Speaker: Neil MacDonald
I decided to attend this session on the basis that we are embarked on a program of virtualization and, if that means that we need to re-think how we ensure the security of our systems, having a strategic view on how security paradigms are impacted by virtualization would be useful.
"Virtualization will radically change how you secure and manage computing environments."
Two main topics: How can virtualization be used today to improve security; what will we be able to do that radically changes security in the longer term.
Today:
There are multiple layers of virtualization: presentation; applications; operating system/hardware. VMWare is 85% of the market. Citrix, Microsoft and VMWare are all looking at having offerings at all the different layers of virtualization. Most of today's talk will be around virtualization layer between the hardware and the operating system.

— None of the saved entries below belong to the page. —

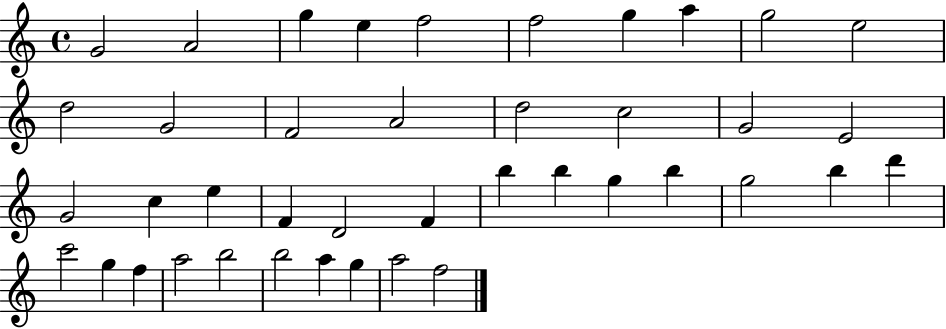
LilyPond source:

{
  \clef treble
  \time 4/4
  \defaultTimeSignature
  \key c \major
  g'2 a'2 | g''4 e''4 f''2 | f''2 g''4 a''4 | g''2 e''2 | \break d''2 g'2 | f'2 a'2 | d''2 c''2 | g'2 e'2 | \break g'2 c''4 e''4 | f'4 d'2 f'4 | b''4 b''4 g''4 b''4 | g''2 b''4 d'''4 | \break c'''2 g''4 f''4 | a''2 b''2 | b''2 a''4 g''4 | a''2 f''2 | \break \bar "|."
}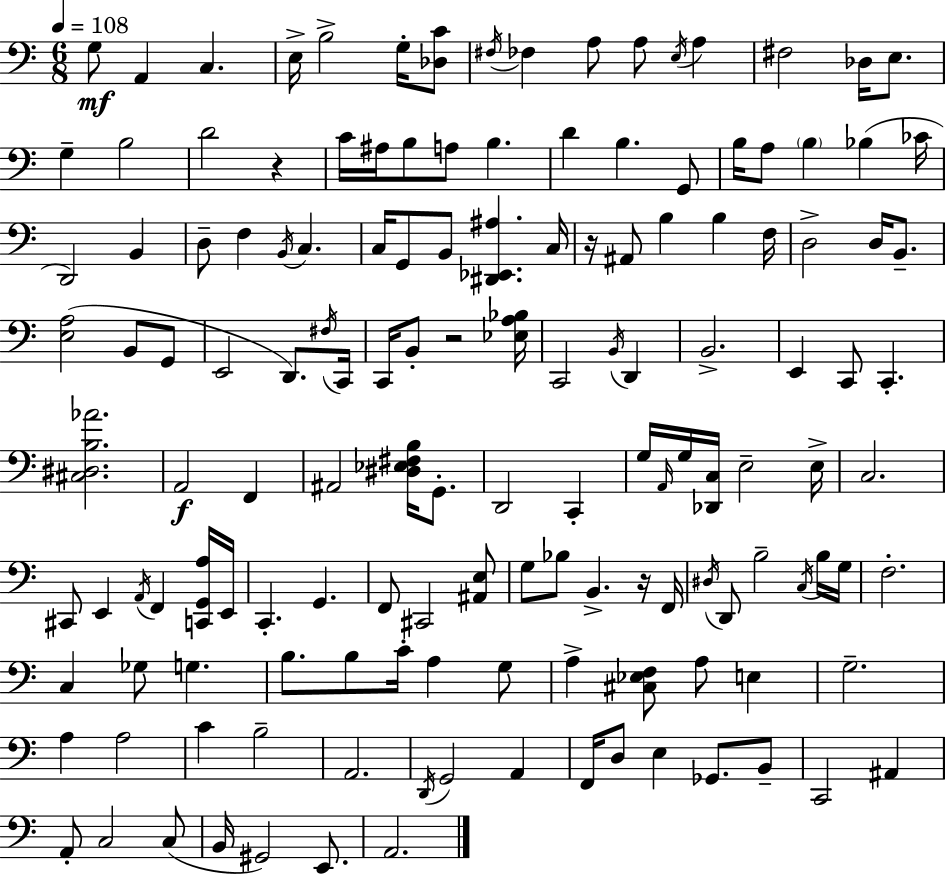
{
  \clef bass
  \numericTimeSignature
  \time 6/8
  \key a \minor
  \tempo 4 = 108
  g8\mf a,4 c4. | e16-> b2-> g16-. <des c'>8 | \acciaccatura { fis16 } fes4 a8 a8 \acciaccatura { e16 } a4 | fis2 des16 e8. | \break g4-- b2 | d'2 r4 | c'16 ais16 b8 a8 b4. | d'4 b4. | \break g,8 b16 a8 \parenthesize b4 bes4( | ces'16 d,2) b,4 | d8-- f4 \acciaccatura { b,16 } c4. | c16 g,8 b,8 <dis, ees, ais>4. | \break c16 r16 ais,8 b4 b4 | f16 d2-> d16 | b,8.-- <e a>2( b,8 | g,8 e,2 d,8.) | \break \acciaccatura { fis16 } c,16 c,16 b,8-. r2 | <ees a bes>16 c,2 | \acciaccatura { b,16 } d,4 b,2.-> | e,4 c,8 c,4.-. | \break <cis dis b aes'>2. | a,2\f | f,4 ais,2 | <dis ees fis b>16 g,8.-. d,2 | \break c,4-. g16 \grace { a,16 } g16 <des, c>16 e2-- | e16-> c2. | cis,8 e,4 | \acciaccatura { a,16 } f,4 <c, g, a>16 e,16 c,4.-. | \break g,4. f,8 cis,2 | <ais, e>8 g8 bes8 b,4.-> | r16 f,16 \acciaccatura { dis16 } d,8 b2-- | \acciaccatura { c16 } b16 g16 f2.-. | \break c4 | ges8 g4. b8. | b8 c'16-. a4 g8 a4-> | <cis ees f>8 a8 e4 g2.-- | \break a4 | a2 c'4 | b2-- a,2. | \acciaccatura { d,16 } g,2 | \break a,4 f,16 d8 | e4 ges,8. b,8-- c,2 | ais,4 a,8-. | c2 c8( b,16 gis,2) | \break e,8. a,2. | \bar "|."
}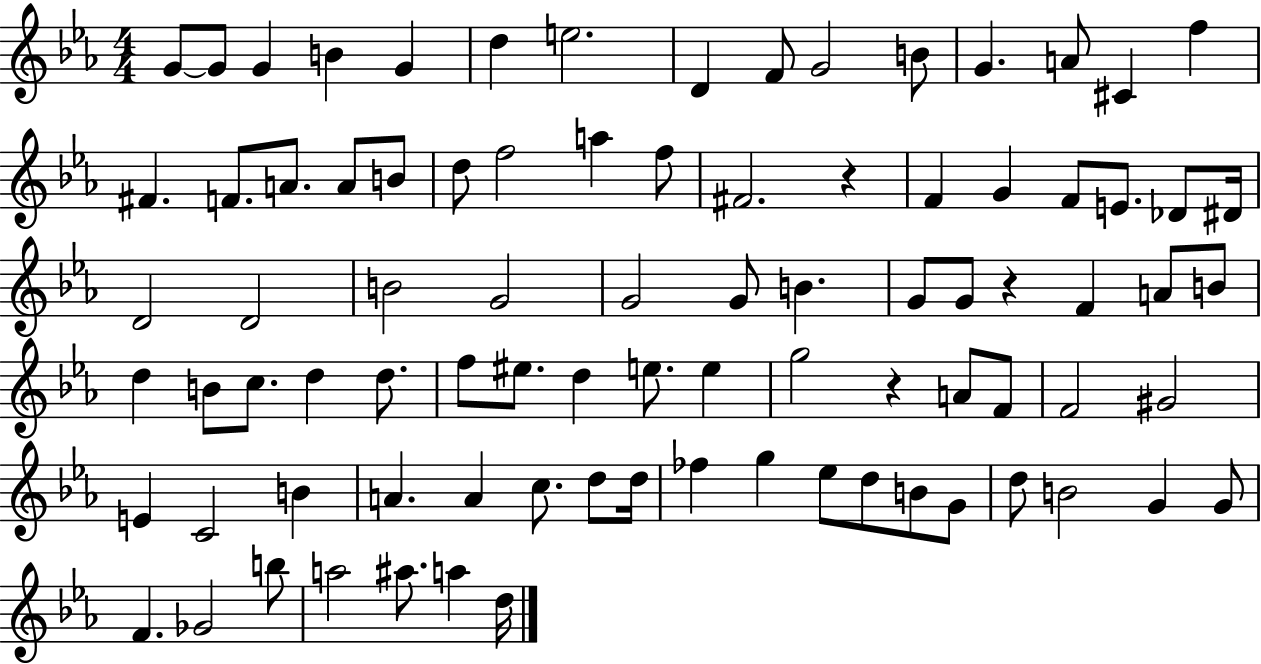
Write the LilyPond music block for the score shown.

{
  \clef treble
  \numericTimeSignature
  \time 4/4
  \key ees \major
  g'8~~ g'8 g'4 b'4 g'4 | d''4 e''2. | d'4 f'8 g'2 b'8 | g'4. a'8 cis'4 f''4 | \break fis'4. f'8. a'8. a'8 b'8 | d''8 f''2 a''4 f''8 | fis'2. r4 | f'4 g'4 f'8 e'8. des'8 dis'16 | \break d'2 d'2 | b'2 g'2 | g'2 g'8 b'4. | g'8 g'8 r4 f'4 a'8 b'8 | \break d''4 b'8 c''8. d''4 d''8. | f''8 eis''8. d''4 e''8. e''4 | g''2 r4 a'8 f'8 | f'2 gis'2 | \break e'4 c'2 b'4 | a'4. a'4 c''8. d''8 d''16 | fes''4 g''4 ees''8 d''8 b'8 g'8 | d''8 b'2 g'4 g'8 | \break f'4. ges'2 b''8 | a''2 ais''8. a''4 d''16 | \bar "|."
}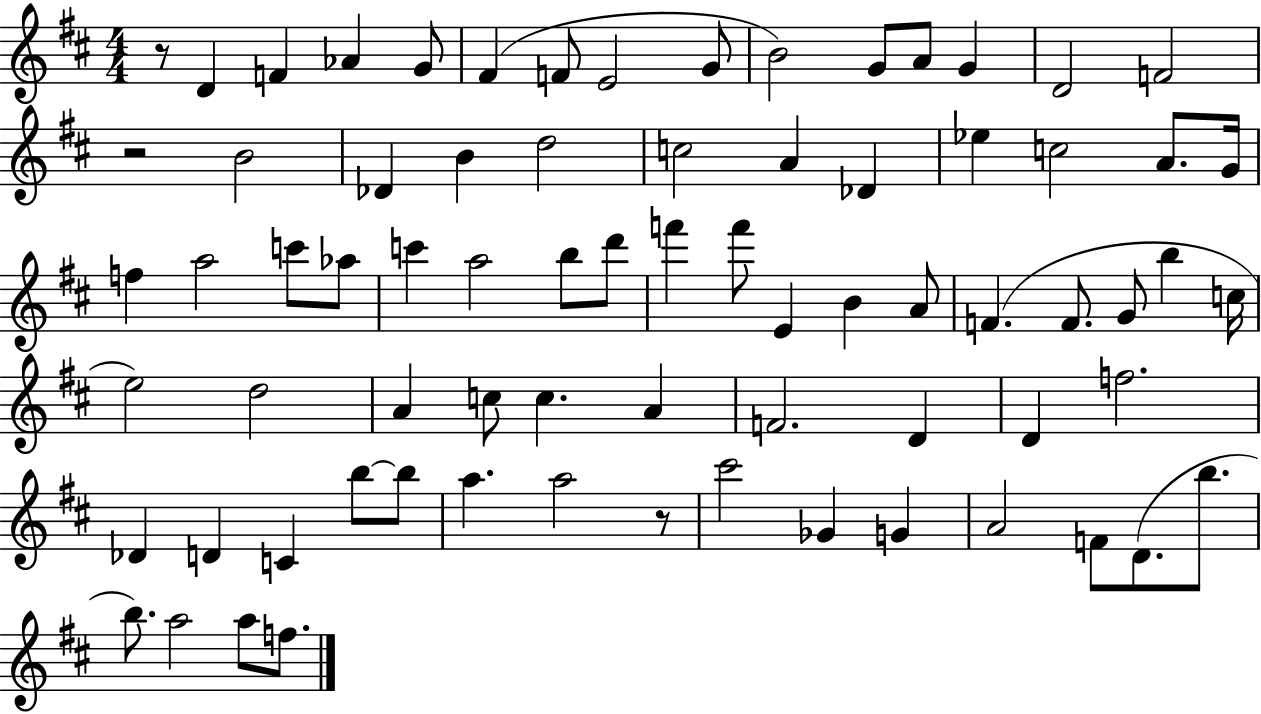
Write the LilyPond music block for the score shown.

{
  \clef treble
  \numericTimeSignature
  \time 4/4
  \key d \major
  r8 d'4 f'4 aes'4 g'8 | fis'4( f'8 e'2 g'8 | b'2) g'8 a'8 g'4 | d'2 f'2 | \break r2 b'2 | des'4 b'4 d''2 | c''2 a'4 des'4 | ees''4 c''2 a'8. g'16 | \break f''4 a''2 c'''8 aes''8 | c'''4 a''2 b''8 d'''8 | f'''4 f'''8 e'4 b'4 a'8 | f'4.( f'8. g'8 b''4 c''16 | \break e''2) d''2 | a'4 c''8 c''4. a'4 | f'2. d'4 | d'4 f''2. | \break des'4 d'4 c'4 b''8~~ b''8 | a''4. a''2 r8 | cis'''2 ges'4 g'4 | a'2 f'8 d'8.( b''8. | \break b''8.) a''2 a''8 f''8. | \bar "|."
}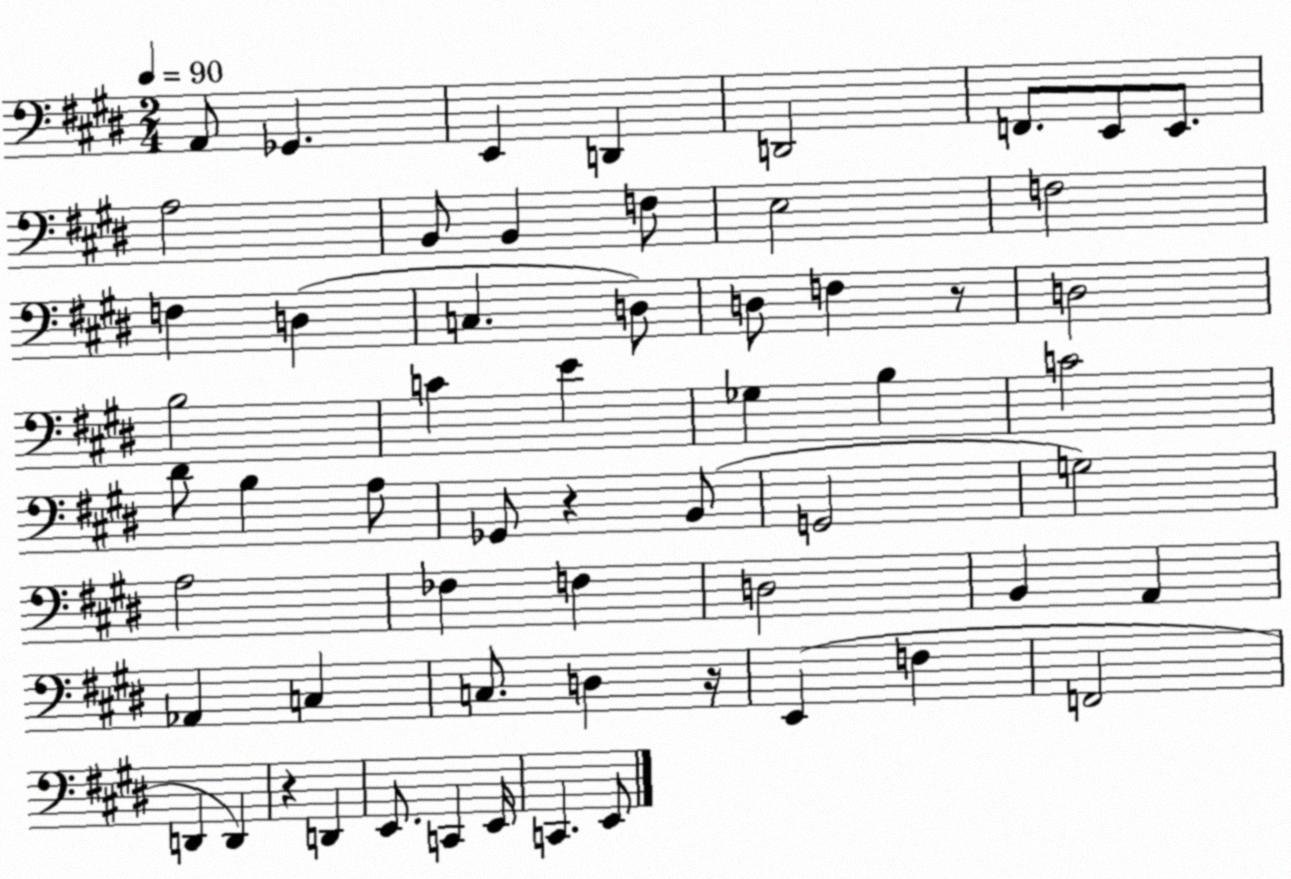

Moving from having a host operating system to a hypervisor (like VSX or Hyper-V) is a good move from a security perspective, as the attack surface of a hypervisor is much smaller than that of a whole host operating system. Clearly securing the hyper-visor is critical—a successful attack on the hypervisor takes down everything above it.
At the guest operating system level, virtual machines can become virtual firewalls and virtual intrusion detection systems. The vendors are different and much less expensive. The hardware vendors are slow to produce these virtual systems as the costs for virtual versions are so much less expensive (think of them as software based appliances—as opposed to more expensive hardware based appliances). [Maybe we should consider looking at virtual IDS and virtual firewall vendors as an alternative to hardware solutions—proof-of-concept is much less expensive, as the up-side. Down side is that we know less about what the software appliance is composed of—whether, for example, it is based on an embedded, older version of Linux which is vulnerable to certain attacks].
OVF (Open VM Format) package the VM in XML-based meta-data, digitally signed. Can't necessarily trust the meta-data; might still be low quality code; might be signed after it is tampered with—not a silver bullet.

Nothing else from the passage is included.